As Dean of the Harvard University’s Law Library, he wants to “listen” to what students are doing. More and more students are acquiring information digitally, and no longer visiting the library’s stacks. They are the “digital natives” he spoke about in “Born Digital: Understanding the First Generation of Digital Natives.” He said the role of the library and the librarian will change in the 21st century. The Library will be a place to “reintroduce contemplative spaces for students.” A message repeated from the celebration of the newly renovated and expanded space of Duke University’s J. Michael Goodson Law Library and included in “The 21st Century Law Library: A Conversation,” where Palfrey discusses the future of the library with Richard A. Danner and S. Blair Kauffman. In this conversation, Kaufmann refers to the 21st century law library as a “third place:”

“Interestingly, the born digital students tend to be even more frequent users of libraries. The people who guard the entrance to the Yale Law Library tell me that our current 1Ls are the heaviest library users they’ve seen yet. It’s an interesting situation that during the digital age, students are flocking to libraries. I think it’s because libraries, as Dick has pointed out in previous talks, are what architects call a ‘third place’ – where your home is your first place, an office or a classroom is a second place, and social places, like dining halls and lounges and coffee shops and bookstores and libraries are a third place.”

However, one of Palfrey’s greatest emphasis in his keynote speech was the library’s role in collaboration – in both research and in collecting and storing information. He called it “radical collaboration.” “What can we do together?” he asked. Instead of libraries competing on collection size – he says libraries should collaborate on what each buys and shares – especially during these economic times. This was once again a revisit to the conversation with Kauffman and Danner:

“Palfrey: Let’s say you’ve got an empiricist who is doing work on data sets related to something in the business world or corporate world, and the Yale School of Management has all the materials that they need.

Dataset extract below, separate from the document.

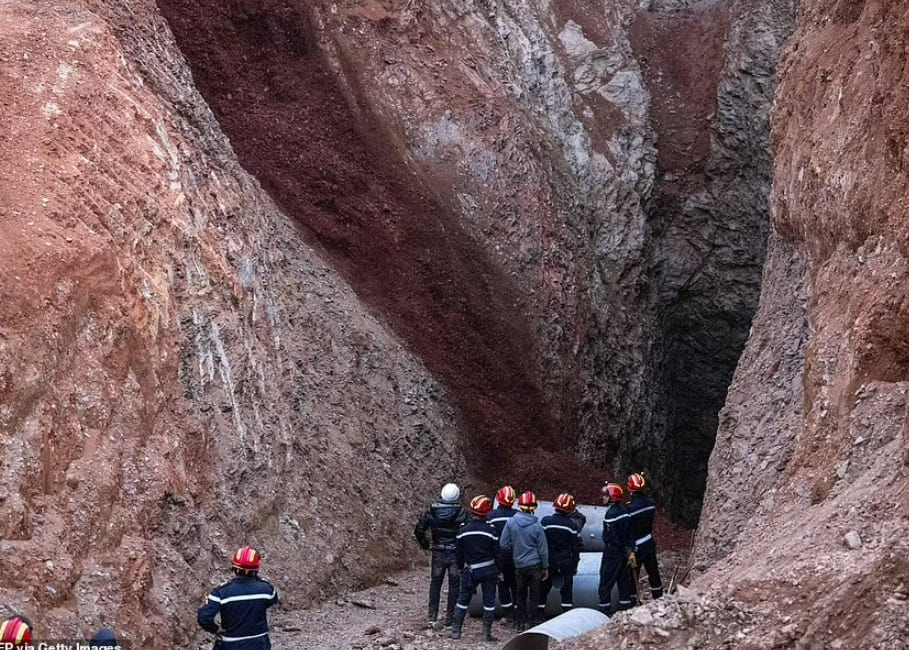  32m 우물 갱도에 빠진 어린아이 구출작전  VIDEO: Rescuers attempt to save boy trapped at the bottom of well in Morocco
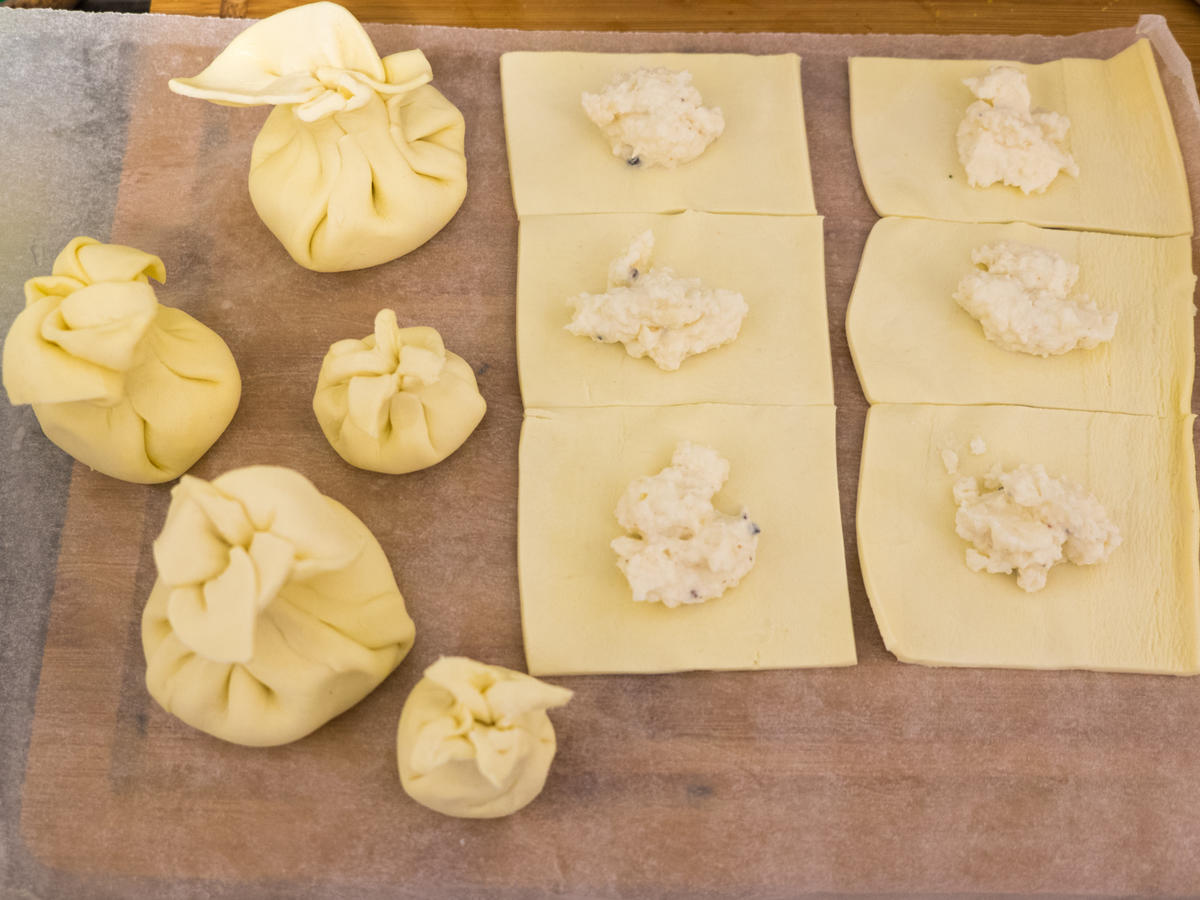 Grana Padano-Säckchen mit Lachsfilet auf Zucchinigemüse - Rezept - Bild Nr. 2198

Do you buy it at the Yale Law School library, and likewise, do you repeat the things that the Yale School of Management has in skill sets?

Kaufmann: … we duplicate as little as possible, and we coordinate with the other libraries on campus to get those information resources where we can. And we think very carefully about how we expand our services.”

I found the use of new technology to further the revolution in Iran to be an effective beacon and metaphor for the change that needs to occur in the way we think about information collection and storage. Law schools shouldn’t follow the same old path of trying to win by having the most books in their law library. They need to see the light and win by producing the brightest minds that will make a real difference in the world … maybe even in Iran.